Causes of missing values in data
- Issues in data collection: In many cases, data is pushed periodically by sensors. However, the data may not be sent due to sensor malfunction or loss of connection. Also, a manual error by the data entry operator may result in missing values in the data.
- Issues in data extraction: Many times, data is extracted from various input sources with different formats such as websites or documents. Issues in the data extraction process may result in missing values. To address this, the data needs to be validated once it is extracted and checked for missing values so the extraction process can be modified to correct the issue.
How to handle missing values
- Deletion: If there are only a few observations with missing values then the observations can be deleted without impacting model accuracy. This is the simplest way to handle the problem of missing values.
- Imputation: Imputation is the process of filling in missing values. New values can be estimated using a few different methods such as mean, median or mode of the data available for that attribute. Selection of the method or methods depends on the semantics of the attribute being filled.
- Prediction model: This approach used models such as logistic regression to estimate missing values.
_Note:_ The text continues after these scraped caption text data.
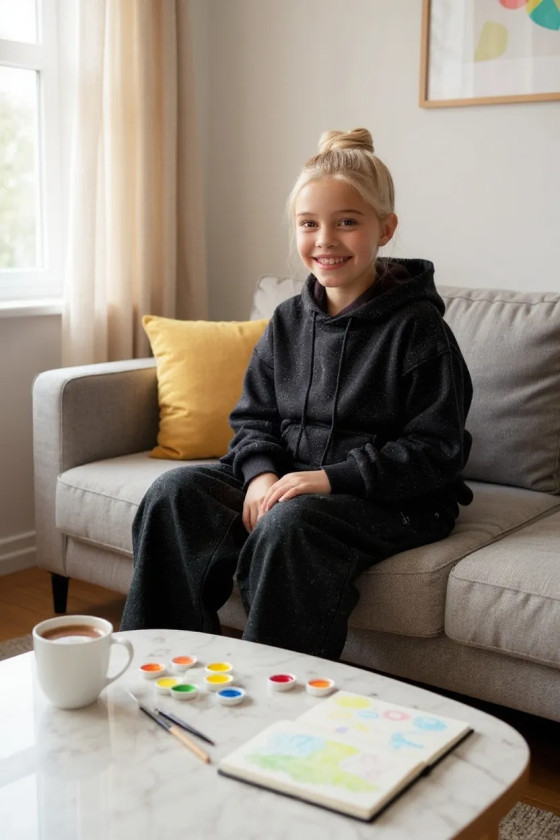 połysk czarny kaptur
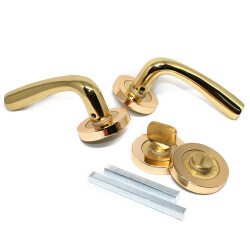 Tiviti Kapı Kolu Yeşim Wc Yuvarlak Rozet Gold (Albrifin) - Tiviti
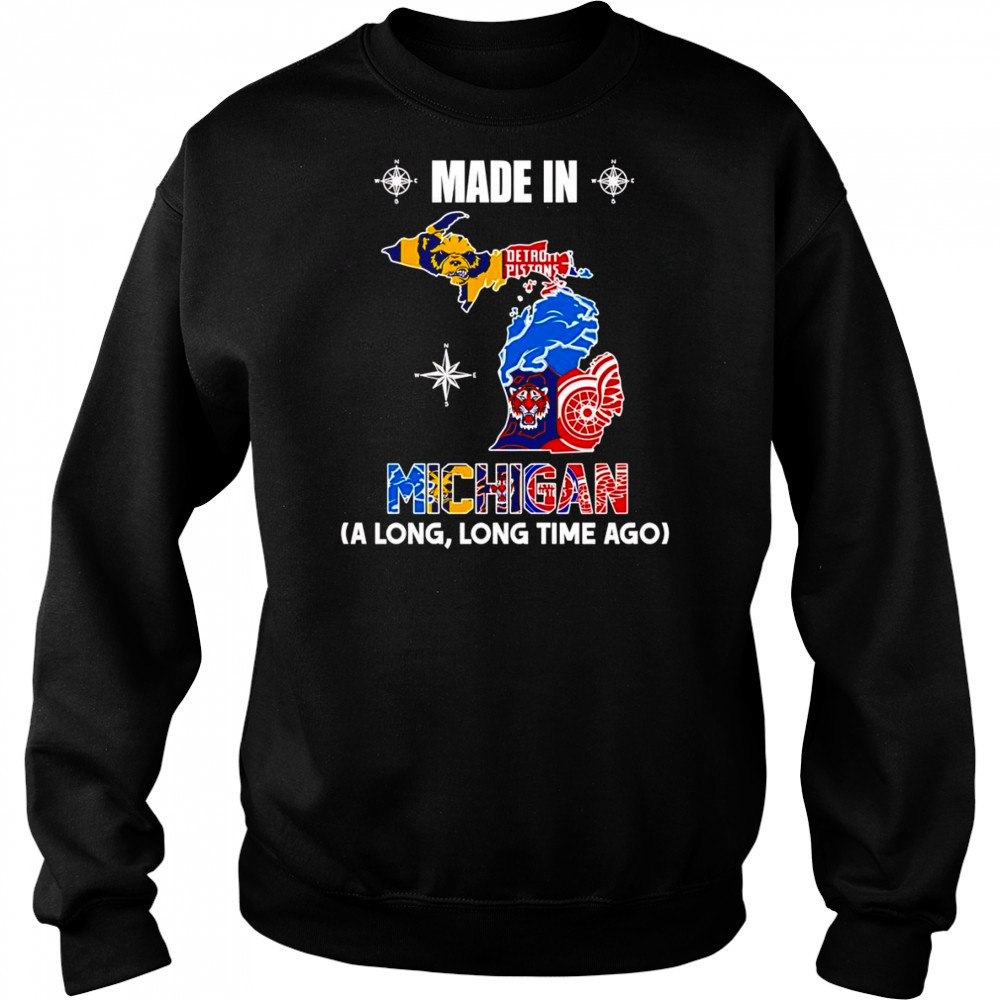 Made in Michigan a long long time ago shirt Hoodie
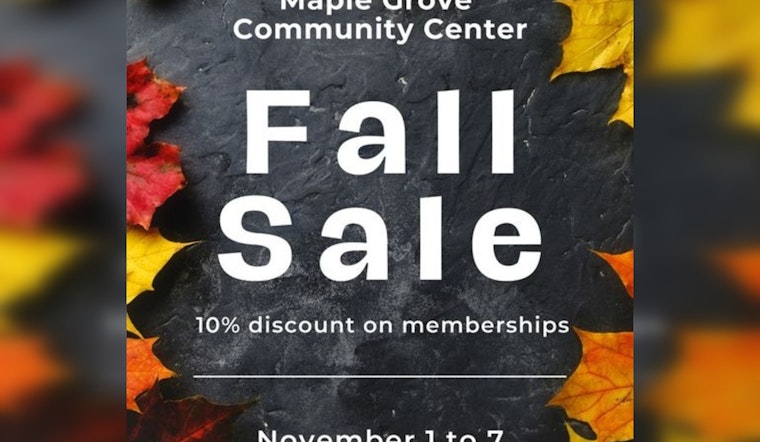 Maple Grove Community Center Offers 10% Discount on Memberships Amidst Ongoing Construction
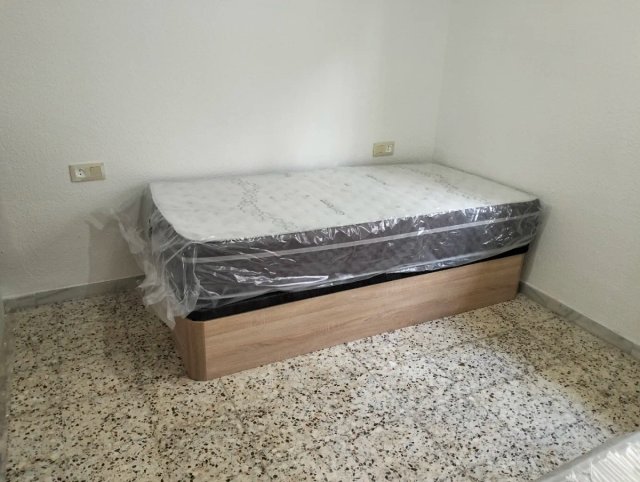 Canapé abatible madera y tela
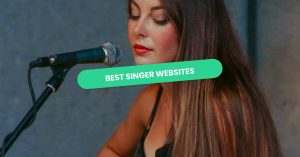 Singer Website Examples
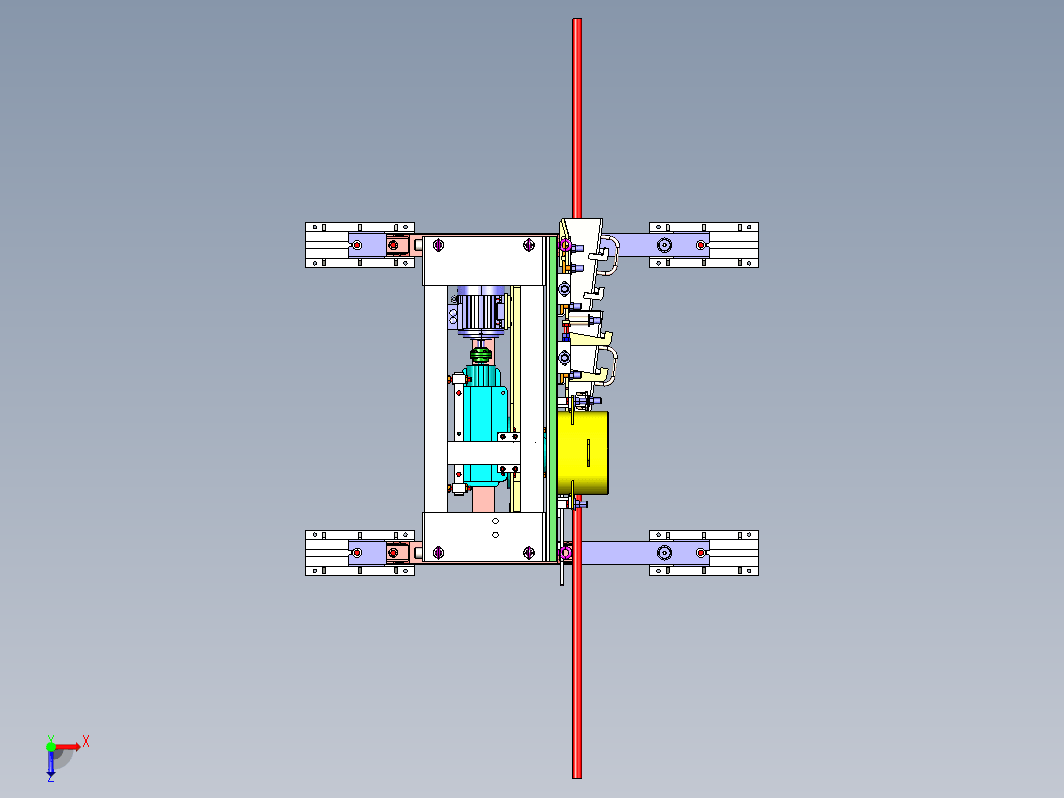 Tractor horizontal轧机机架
The model is trained on datasets without missing values and uses them to predict missing values. However, if the attribute with missing values is not well correlated with other data attributes, then estimated values will not be accurate.
- K-nearest neighbors: KNN finds the k nearest neighbors of the observation with the missing value and uses the mean or median of the attribute value of these nearest neighbors to impute the missing value. The advantage of KNN is that it provides a better-estimated value for imputation than the other methods described above.
Outliers in the data can diverge widely from the common pattern of the attribute. For example, if the attribute age has a value of 200 then it is considered an outlier as the typical age pattern will be from 1 to 100; a value of 200 is way above the range. Dealing with outliers is very important as they impact the model drastically, especially models using regression.
Outliers can be detected using various visualization techniques such as a scatter plot or box plot.
How to handle outliers
- Deletion: In cases where an outlier seems to be an incorrect attribute value and the number of such observations are very low then they can be deleted.
- Data transformation: Various transformations can be performed on the data to handle outliers such as taking the natural log of the values. Another form of transformation is “binning” the data, which involved defining the ranges of the data and putting each observation in a bin. For example, age attribute ranges can be defined as <18, 19-35, 36-70 and >70. So, any outlier value such as 200 will be considered in the >70 range and will not adversely impact the model.
- Imputation: The methods described above for imputing missing values can be used for replacing outlier values also.
- Normalization: Algorithms that use the distance between data points—such as KNN—can be biased in cases where all the attributes are not in a similar range. Attributes that have a higher range value will bias the model thus reducing model accuracy. To overcome such issues, data points are normalized or scaled, so the range for each attribute becomes 0 to 1. This range assigns equal weight to each attribute, which provides better accuracy.
- Standardization: Sometimes data distribution is such that it is skewed to one side; either right or left. Such data is standardized around a mean of 0 with a standard deviation from the mean of 1 using various methods such as the log, square, or cube-root of the values.
- Discretization: Binning is used to converting continuous variables into categorical data. This may be helpful in cases where instead of a continuous variable, categorical data is good enough. For example, test grades can be binned into A, B, C, D, E, and Discretization can be very helpful in classifying algorithms like decision trees.
New feature extraction
Feature extraction is the process of creating an additional feature using information from existing features. For example, for a retail store to understand sales patterns, it is more beneficial to look at the day of the week instead of a specific date. So creating another feature called “day of the week” from the date will improve the model.
Existing feature transformation
Existing feature transformation includes converting categorical data to numerical data necessitated by the limitations of some algorithms to work only on numerical data. The following two methods use only numerical data:
- Label encoding: Converting categorical data to numerical data is called label encoding. For example, gender data for males and females will be converted to 1 and 0 values without adding any new features.
- One hot encoding: For some categorical data such as colors, there may not be a natural way to order the values. In this case, the one-hot encoding technique is used, which creates a new binary equivalent for each categorical
There are a variety of data preprocessing methods that can be used to improve ML model accuracy. While not an exhaustive list, the methods discussed above detail a variety of techniques for improving the quality of the data, which is essential during data preparation to increase the accuracy of the results produced by the modeling algorithm.